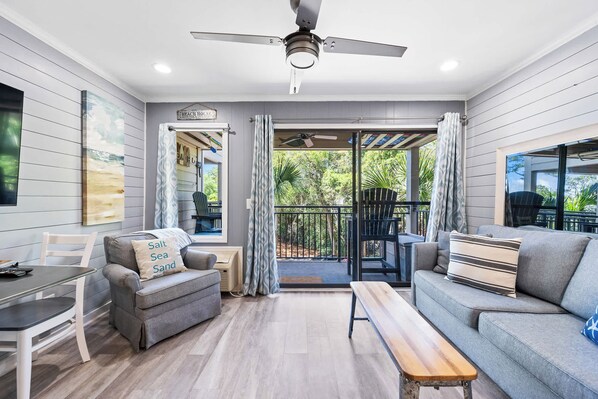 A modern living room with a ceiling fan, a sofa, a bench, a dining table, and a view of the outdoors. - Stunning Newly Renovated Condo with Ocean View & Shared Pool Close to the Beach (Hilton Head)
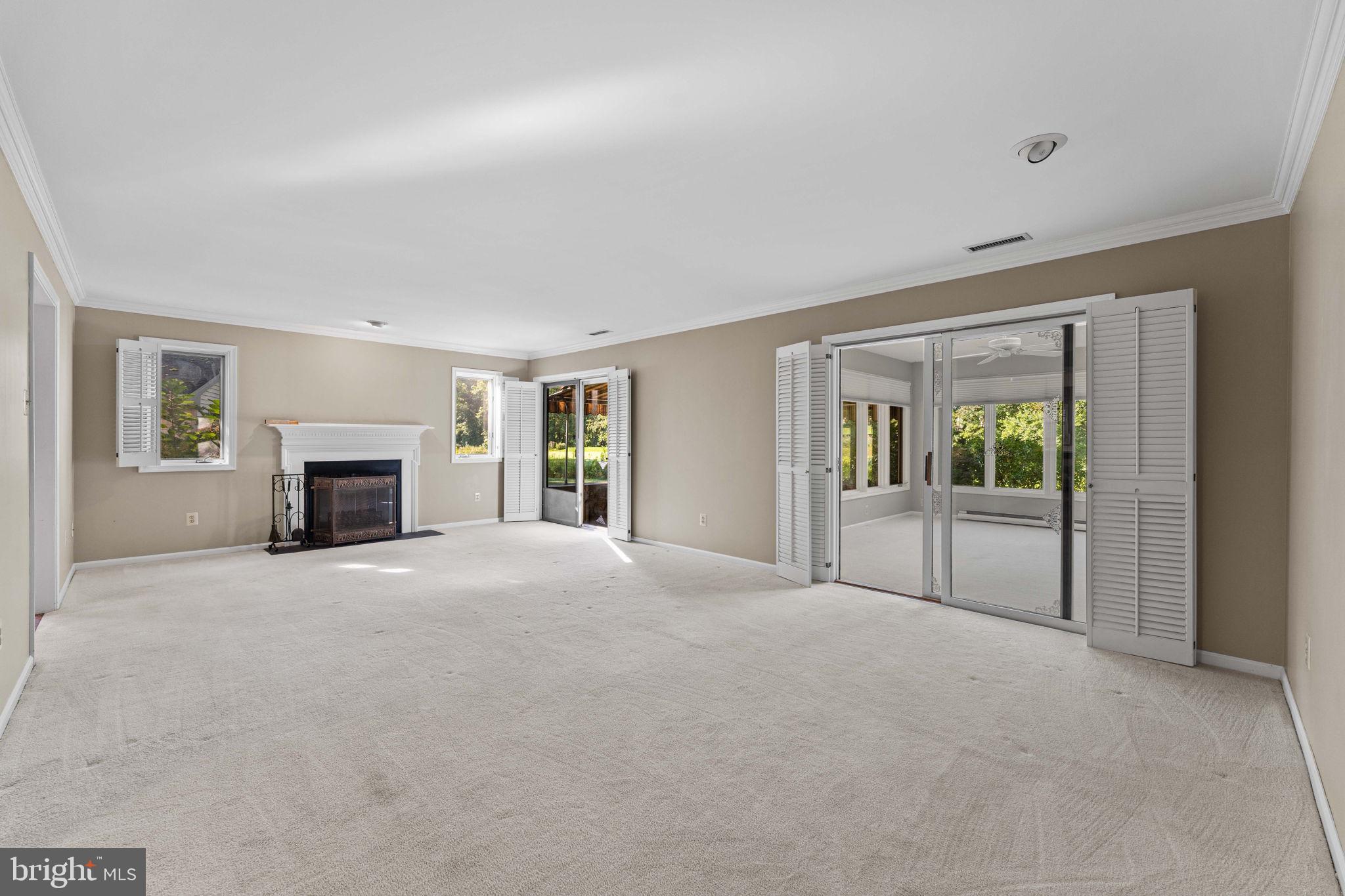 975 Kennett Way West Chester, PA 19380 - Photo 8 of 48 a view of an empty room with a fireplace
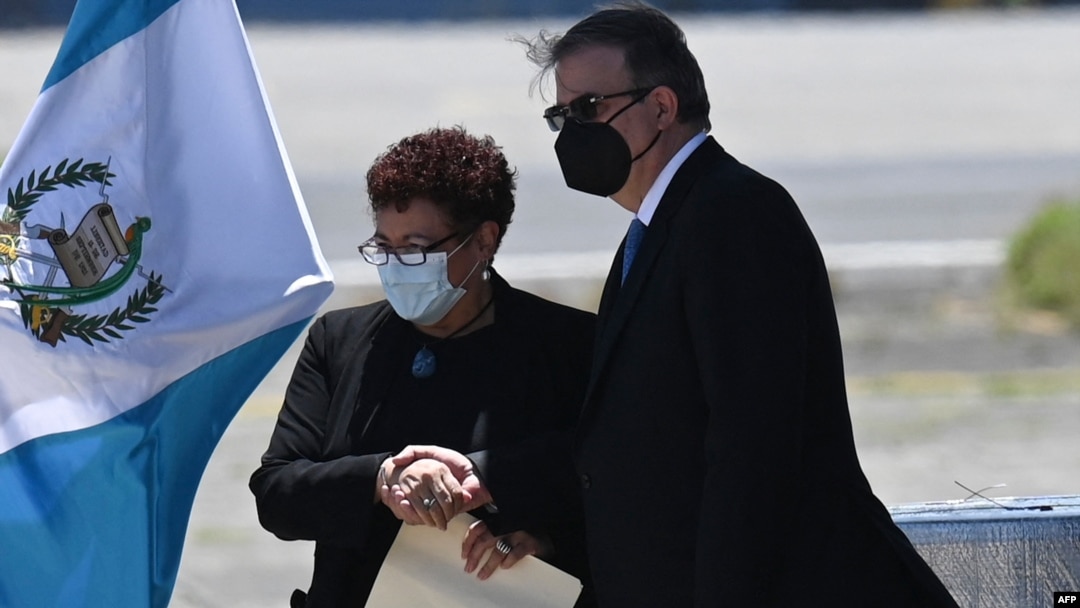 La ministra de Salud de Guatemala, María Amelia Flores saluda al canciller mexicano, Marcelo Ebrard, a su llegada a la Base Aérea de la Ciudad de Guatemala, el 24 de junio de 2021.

--

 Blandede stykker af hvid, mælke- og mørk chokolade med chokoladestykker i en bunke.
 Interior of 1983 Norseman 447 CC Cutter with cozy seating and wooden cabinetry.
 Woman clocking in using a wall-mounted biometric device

* * *

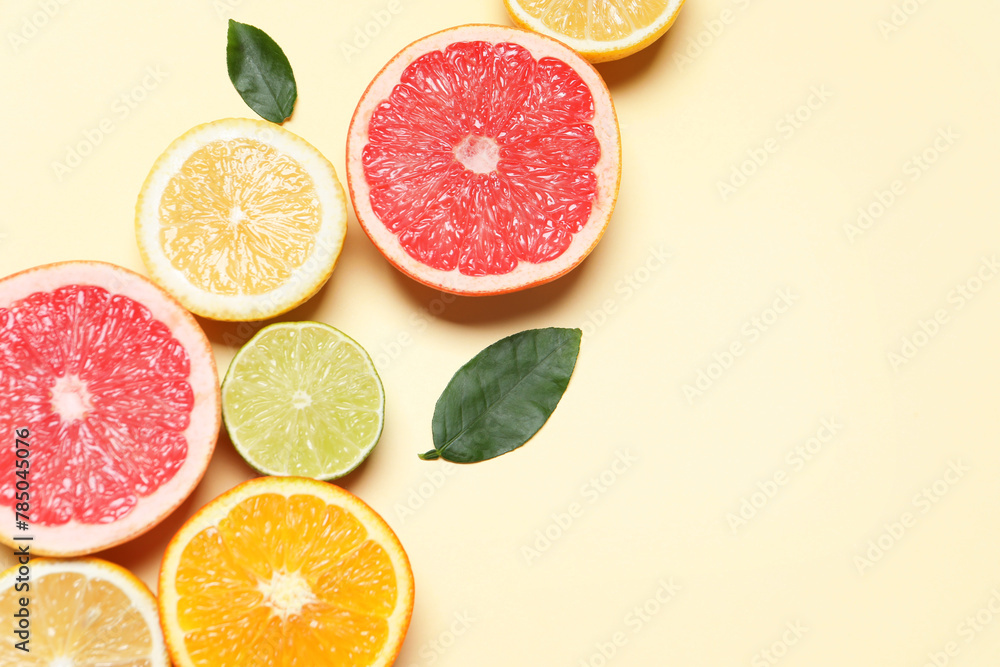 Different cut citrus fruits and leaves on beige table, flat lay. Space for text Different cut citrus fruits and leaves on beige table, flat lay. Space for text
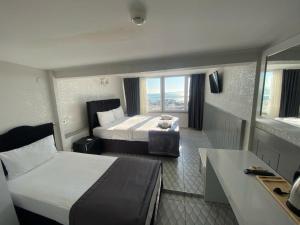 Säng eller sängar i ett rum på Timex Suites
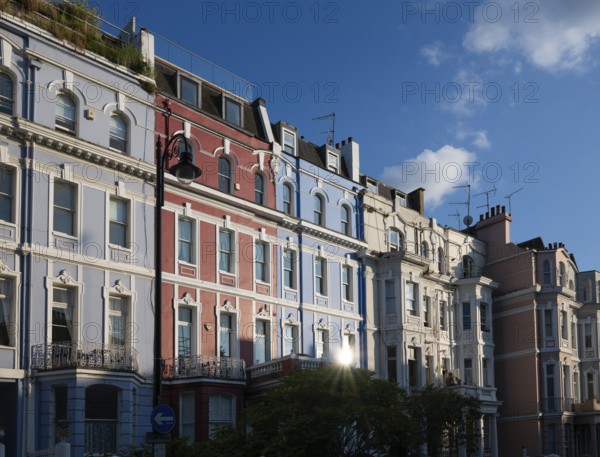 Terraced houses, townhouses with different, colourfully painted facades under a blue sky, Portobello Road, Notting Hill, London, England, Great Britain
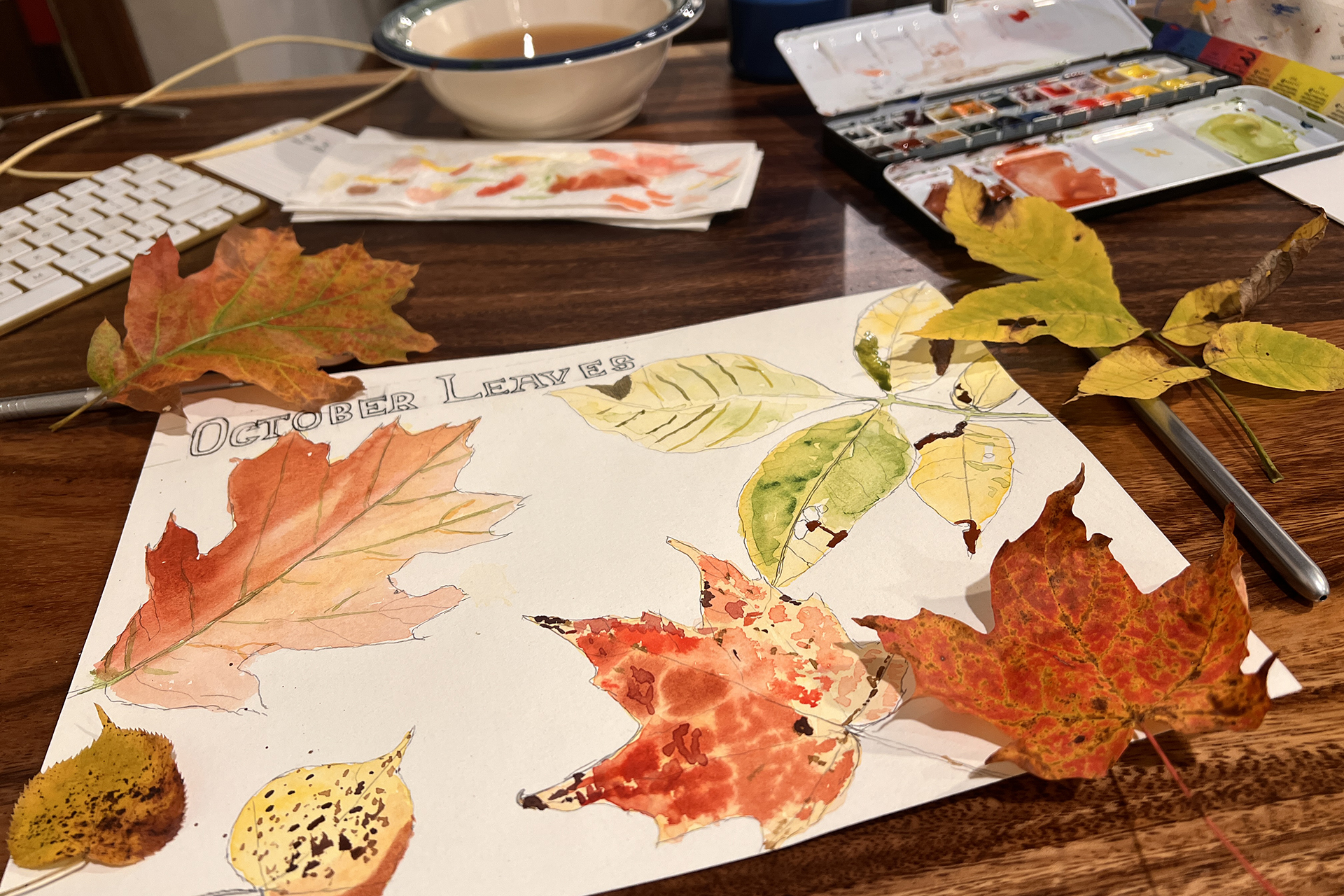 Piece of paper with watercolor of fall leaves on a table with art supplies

• [The problem]:
Look above for the line containing "Interior of 1983". Output from there through the line containing "Woman clocking in", exactly and inclusively.

• [Answer below]:
 Interior of 1983 Norseman 447 CC Cutter with cozy seating and wooden cabinetry.
 Woman clocking in using a wall-mounted biometric device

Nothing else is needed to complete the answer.